About this task:
Images are to be excluded, and the rest of the data repeated exactly.

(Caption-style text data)
BEGIN

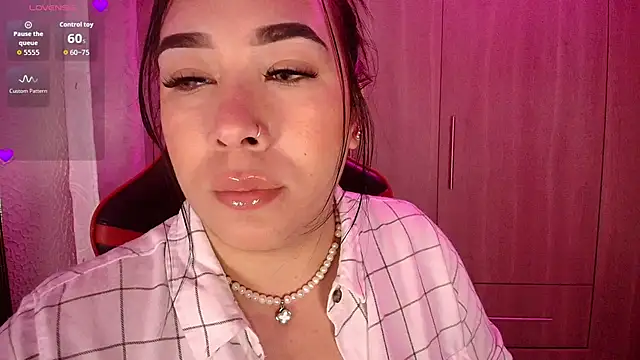 Snapshot of leahtemptation3 chatting on 12.03.25 leahtemptation3 online show from 12.03.25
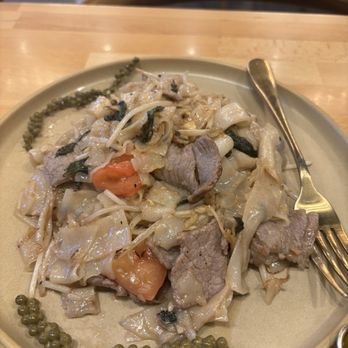 Manaao - Thai Near Me - Tustin, California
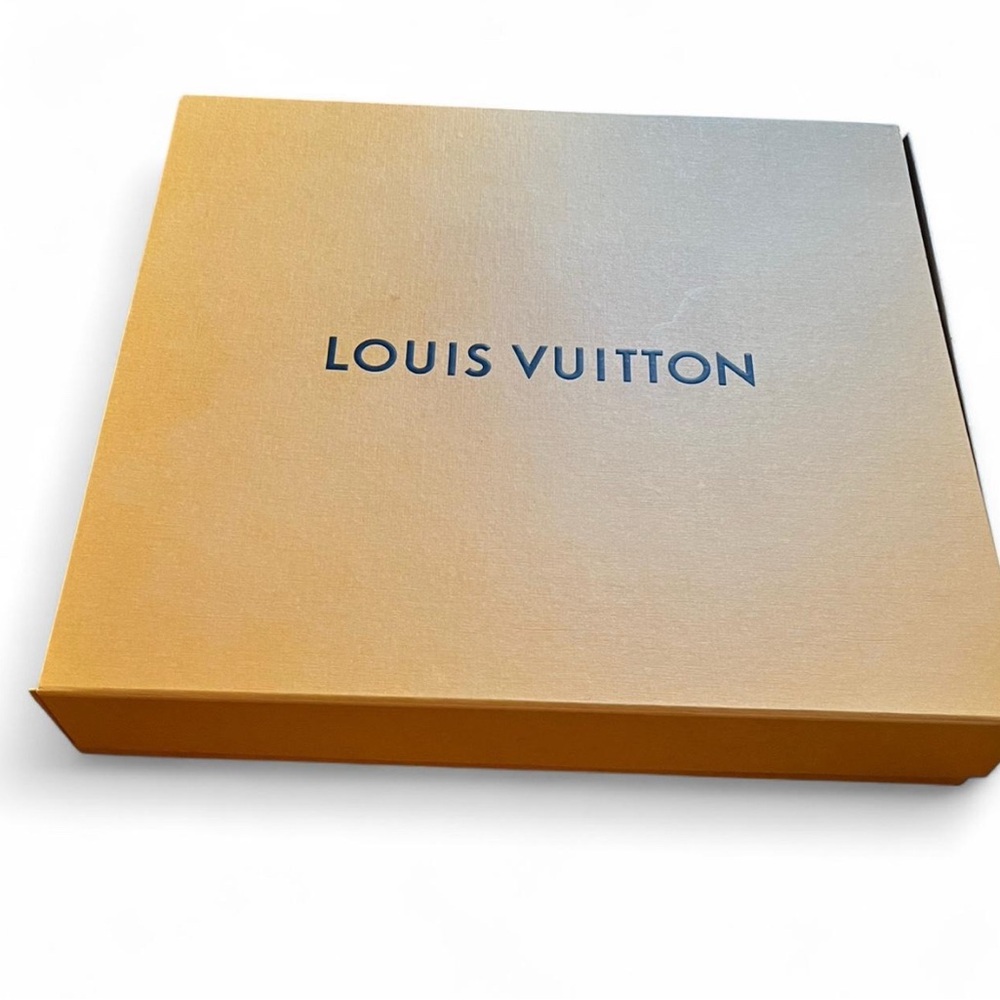 Louis Vuitton Luxurious Gold Packaging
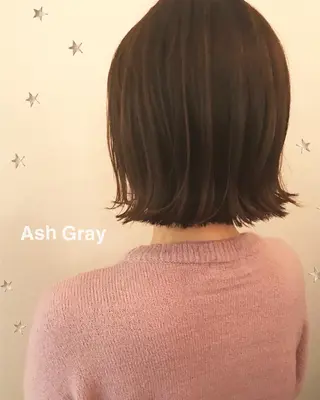 ミディアム カラー 市川 千夏のヘアスタイル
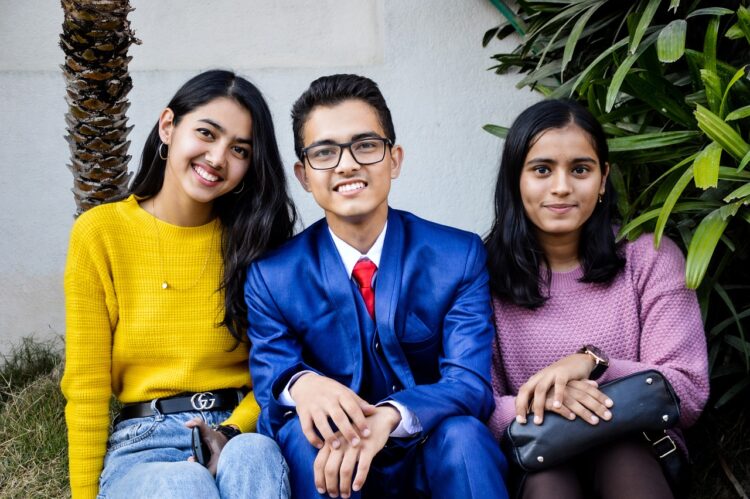 friends, school, education-4686416.jpg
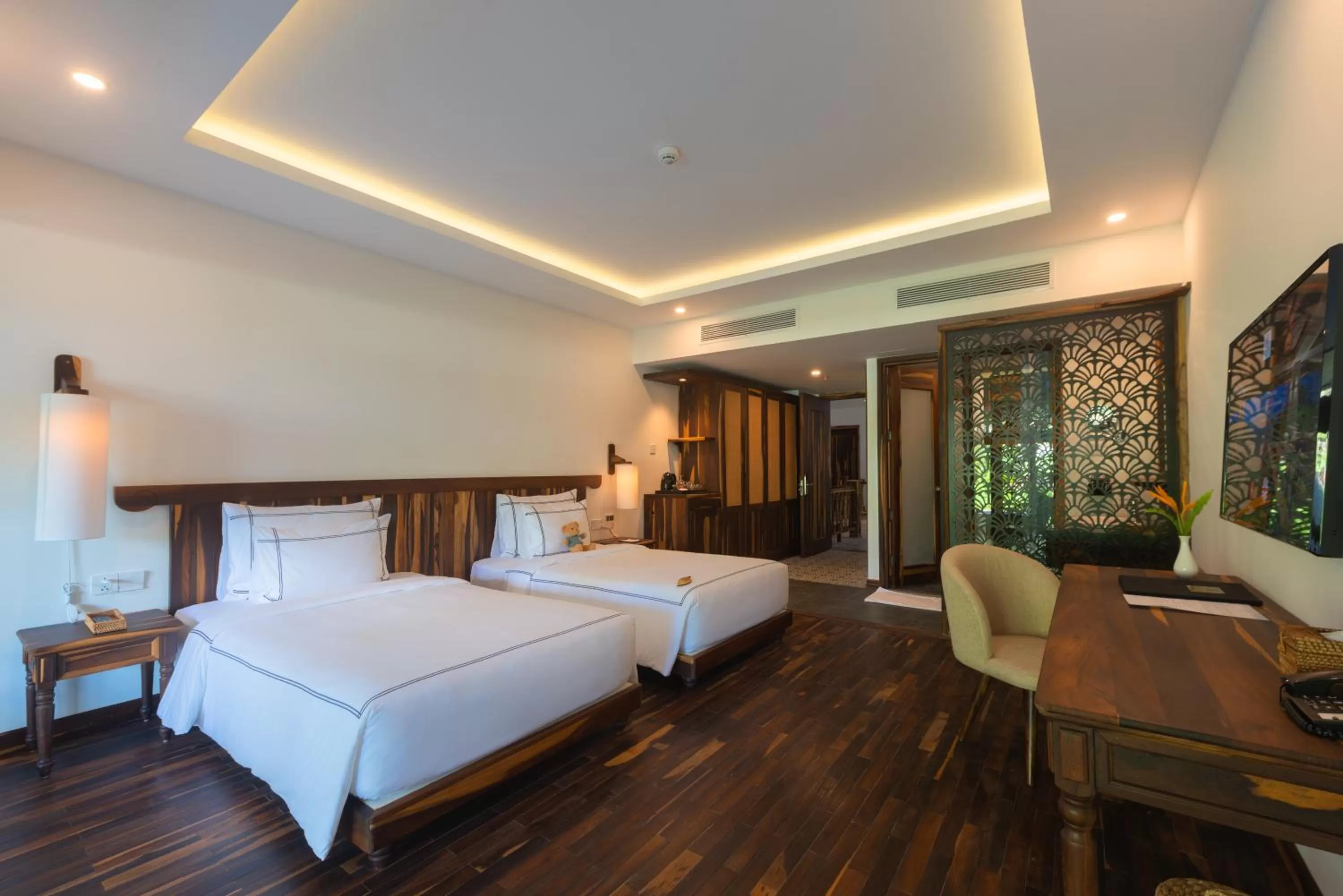 Bedroom, Bed in Alibu Resort Nha Trang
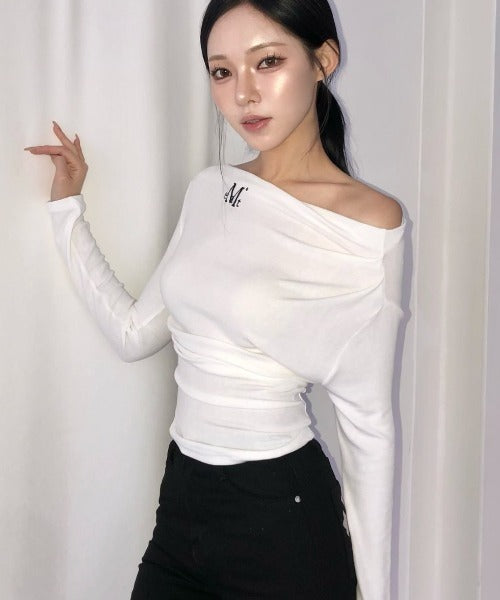 MUCENT(ムセント)/オフショルダー ドレープ アンバランス ロングスリーブ Tシャツ/LIVRE OFF SHOULDER UNBALANCE LONG SLEEVE T | AT2261003 | アイボリー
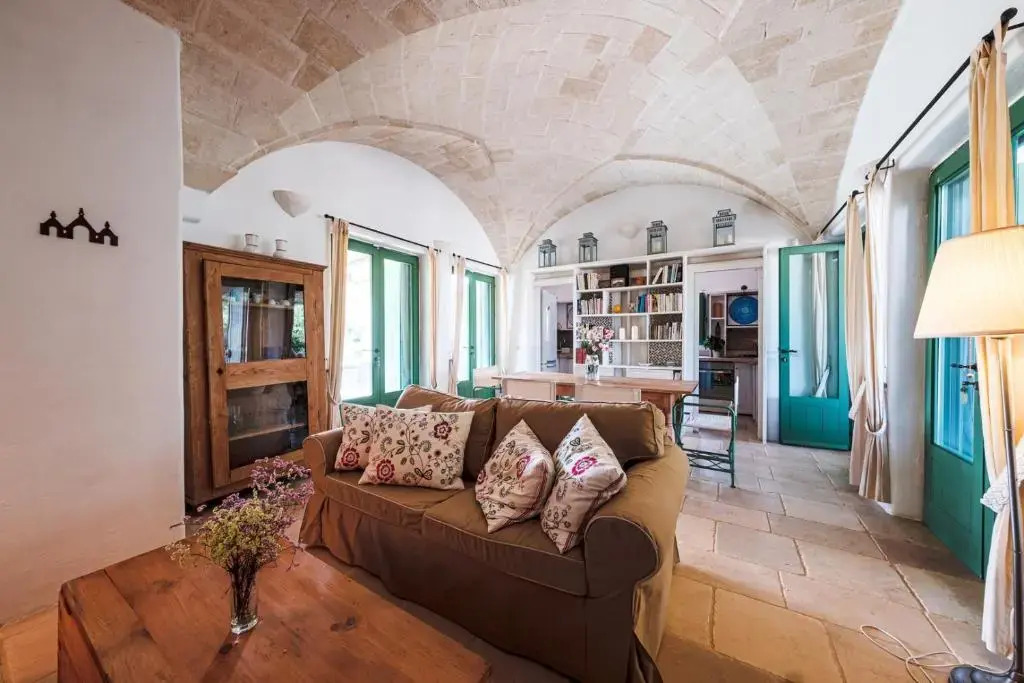 HelloApulia Trulli Li Cridd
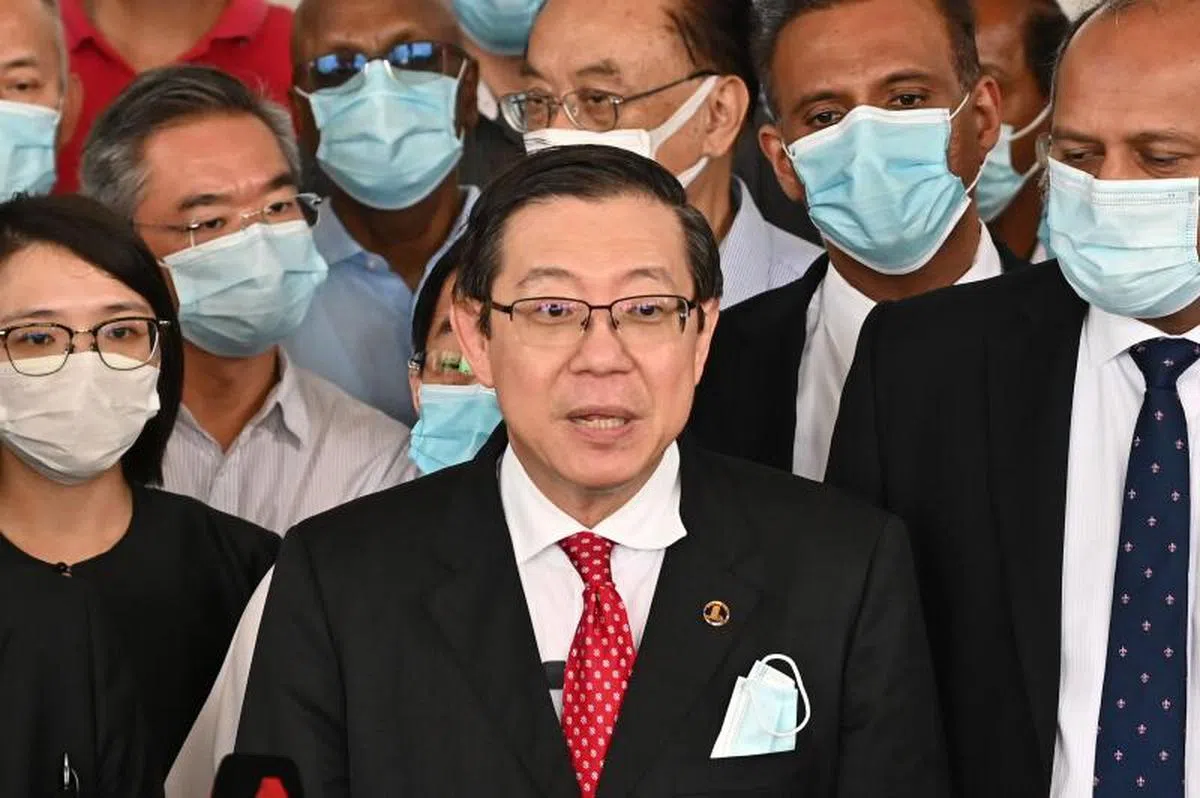  林冠英获保释后与媒体谈话。（法新社）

END

Solution for this task:
 Snapshot of leahtemptation3 chatting on 12.03.25 leahtemptation3 online show from 12.03.25
 Manaao - Thai Near Me - Tustin, California
 Louis Vuitton Luxurious Gold Packaging
 ミディアム カラー 市川 千夏のヘアスタイル
 friends, school, education-4686416.jpg
 Bedroom, Bed in Alibu Resort Nha Trang
 MUCENT(ムセント)/オフショルダー ドレープ アンバランス ロングスリーブ Tシャツ/LIVRE OFF SHOULDER UNBALANCE LONG SLEEVE T | AT2261003 | アイボリー
 HelloApulia Trulli Li Cridd
  林冠英获保释后与媒体谈话。（法新社）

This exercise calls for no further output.